Dziewięć nominacji ma na swym koncie, również oparty na prawdziwej biografii – „Zniewolony. 12 Years a Slave” Steve’a McQueena, historia czarnoskórego muzyka z Nowego Jorku, który zostaje uprowadzony i sprzedany jako niewolnik na południu Stanów Zjednoczonych. „Kapitan Philips” Paula Greengrassa (6 nominacji) to z kolei historia uprowadzenia amerykańskiego frachtowca przez piratów somalijskich.
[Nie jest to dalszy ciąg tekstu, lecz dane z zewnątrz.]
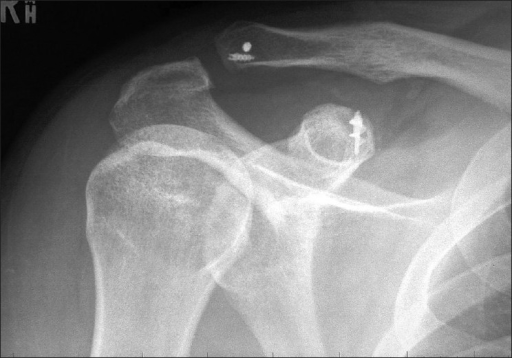 Radiograph of the shoulder 6 months after surgical stab | Open-i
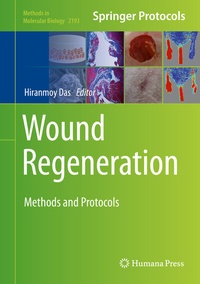 Abbildung von: Wound Regeneration - Humana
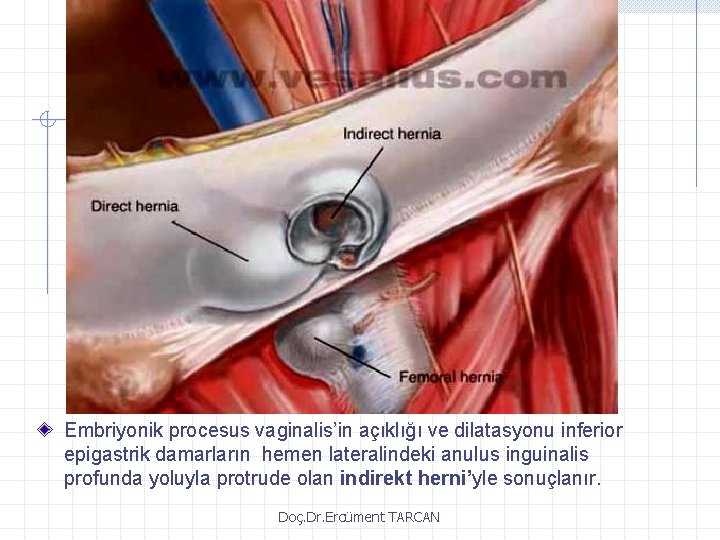 Embriyonik procesus vaginalis’in açıklığı ve dilatasyonu inferior epigastrik damarların hemen lateralindeki anulus inguinalis profunda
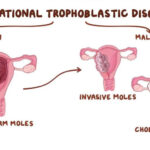 gestational trophoblastic neoplasia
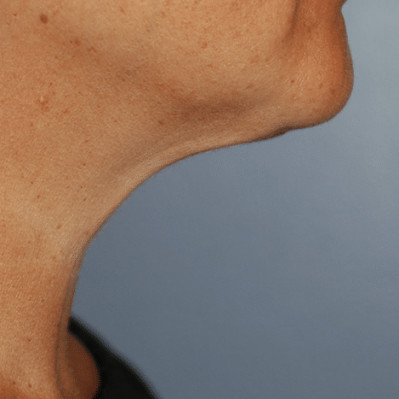 After Image: Necklift - other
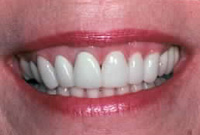 Crown Lengthening,Charles F. Orth, DDS, PA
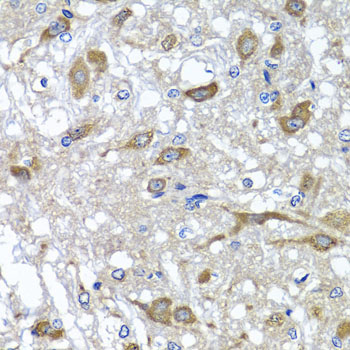 Immunohistochemistry - OSGEPL1 Polyclonal Antibody 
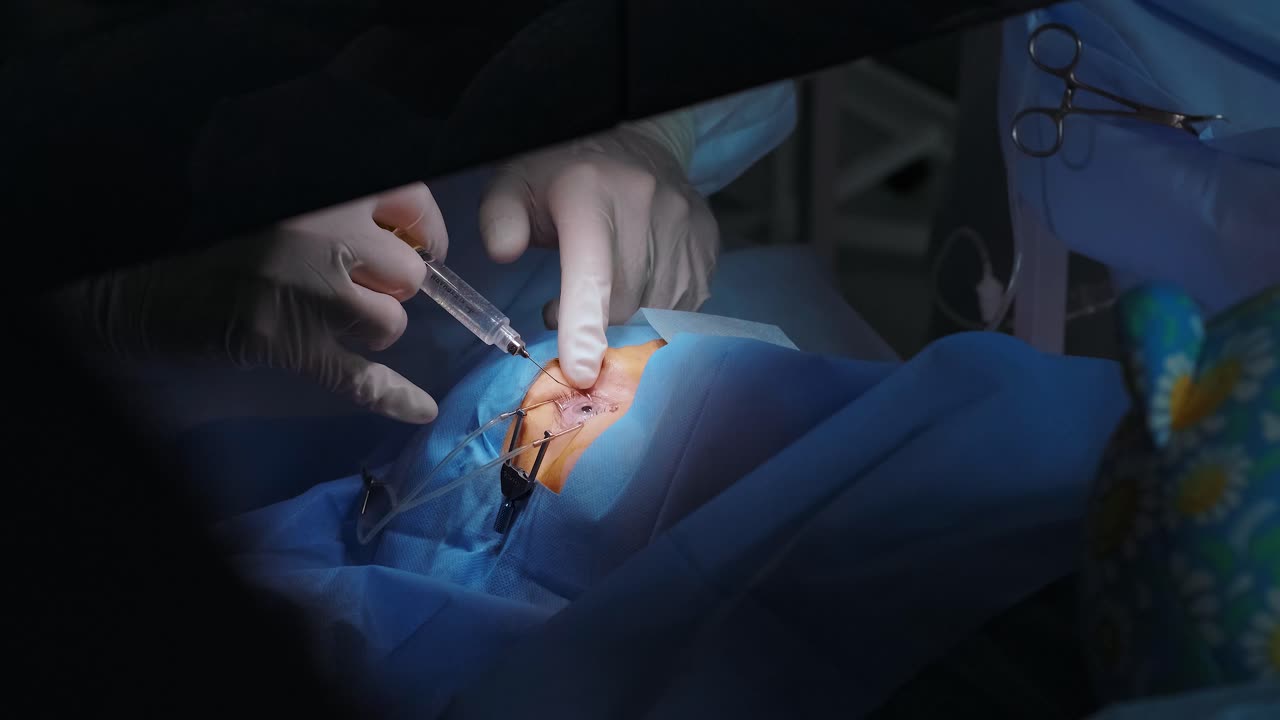 Correzione della vista con il laser. Un paziente e un team di chirurghi nella sala operatoria durante un intervento di chirurgia oftalmica. Divaricatore palpebrale. Trattamento Lasik. Paziente sotto copertura sterile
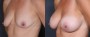 Dr. Roark Breast Augmentation Patient 2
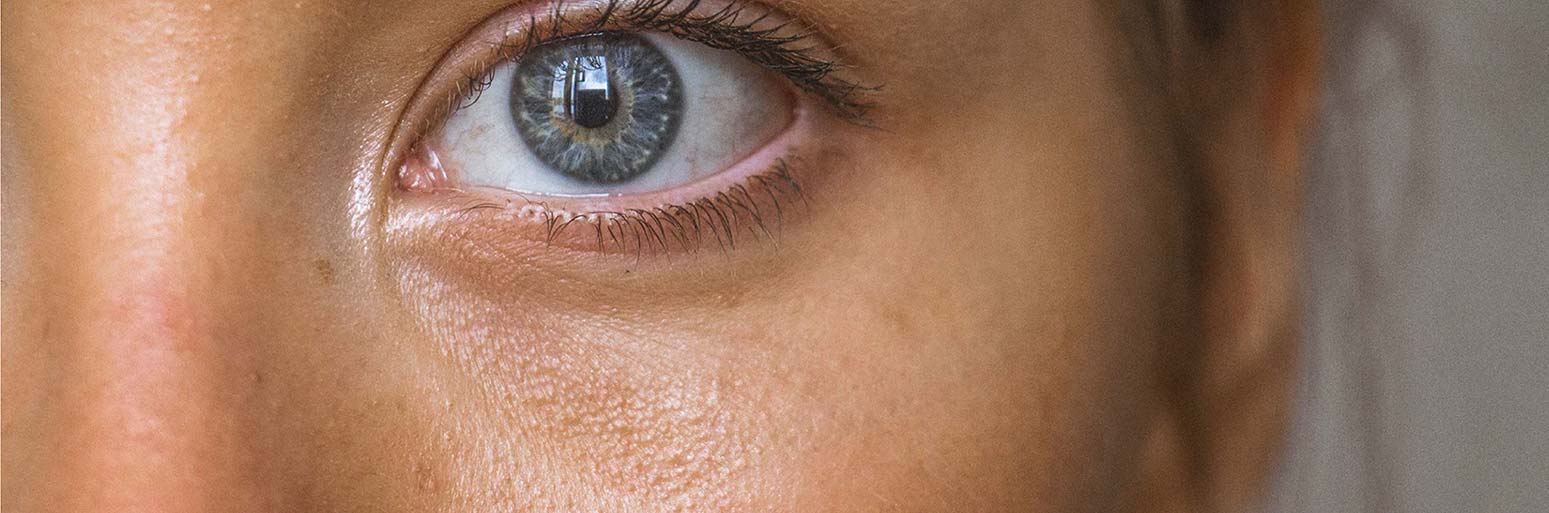 This is an image of how to minimise and manage large or open pores on sublimelife.in.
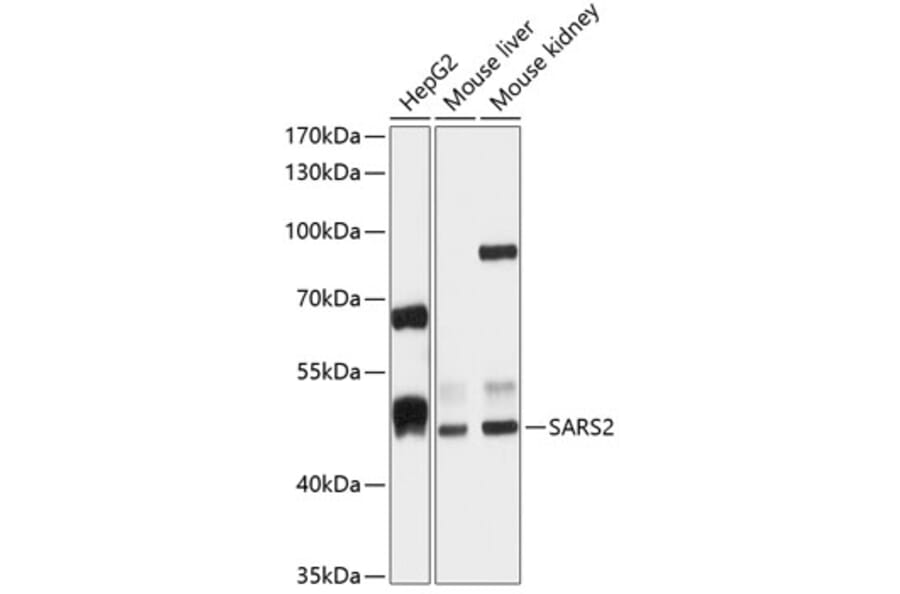 Western Blot - Anti-SARS2 Antibody (A90278) - Antibodies.com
Jeszcze dwa tytuły, które w tym miesiącu weszły na ekrany naszych kin: „Ona” Spike’a Jonze (5 nominacji), niekonwencjonalna opowieść o uczuciu pewnego mężczyzny do kobiety… wirtualnej, oraz „Tajemnica Filomeny” Stephena Frearsa (4 nominacje), frapująca opowieść o starszej kobiecie poszukującej swego syna, którego – jako nieślubne dziecko – musiała oddać do domu opiekuńczego tuż po porodzie, a sama została osadzona w klasztorze.
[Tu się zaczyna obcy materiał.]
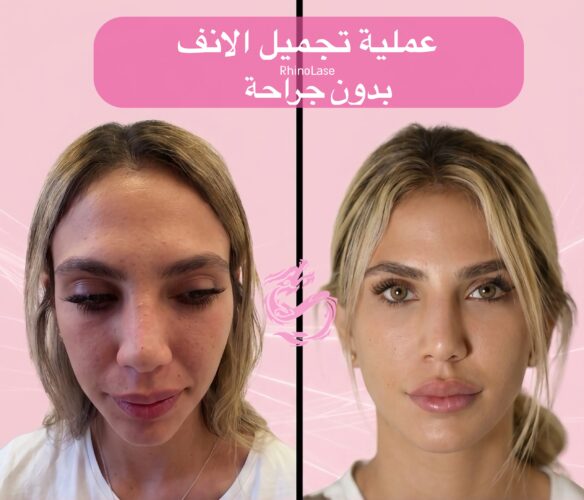 نحت الأنف الدائم بدون جراحة | تصغير الأنف | ليزر بدون تقطيع | RhinoLase 2 RhinoLase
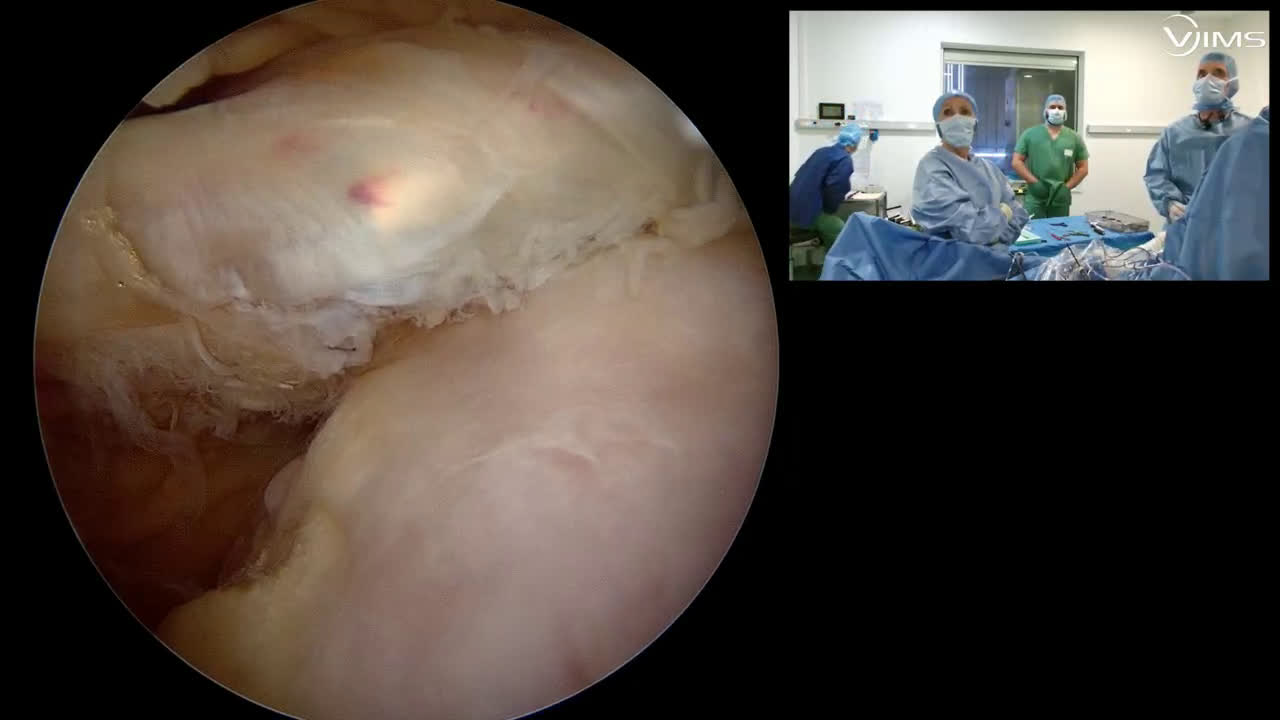 Réparation sous arthroscopie de la coiffe des rotateurs de l’épaule avec le Dr Remy VIGIER (Dr. Joudet)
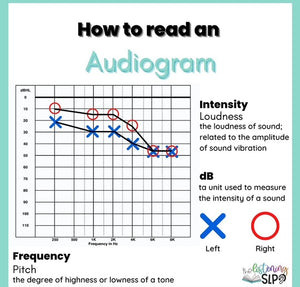 Deciphering Sound: A Guide to Understanding and Reading an Audiogram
I jeszcze kilka mocnych oscarowych typów: „Sierpień w hrabstwie Osage” Johna Wellsa, brawurowa historia pewnego rodzinnego pojednania, z nominowanymi rolami Meryl Streep i Julii Roberts, oraz nowy film Woody’ego Allena „Blue Jasmine”, z równie znakomitymi – i nominowanymi – kreacjami Cate Blanchett i Sally Hawkins.

Spośród filmów nieanglojęzycznych należy – moim zdaniem – zwrócić uwagę na: duńskie „Polowanie” Thomasa Vinterberga, wgniatającą w fotel opowieść o pewnym omal nie zlinczowanym nauczycielu, którego w wielkie tarapaty wprawiło niewinne kłamstwo jednej z małoletnich podopiecznych, oraz włoskie „Wielkie piękno” Paolo Sorrentino, nawiązujące swą wymową i poetyką do słynnego „Słodkiego życia” Federico Felliniego.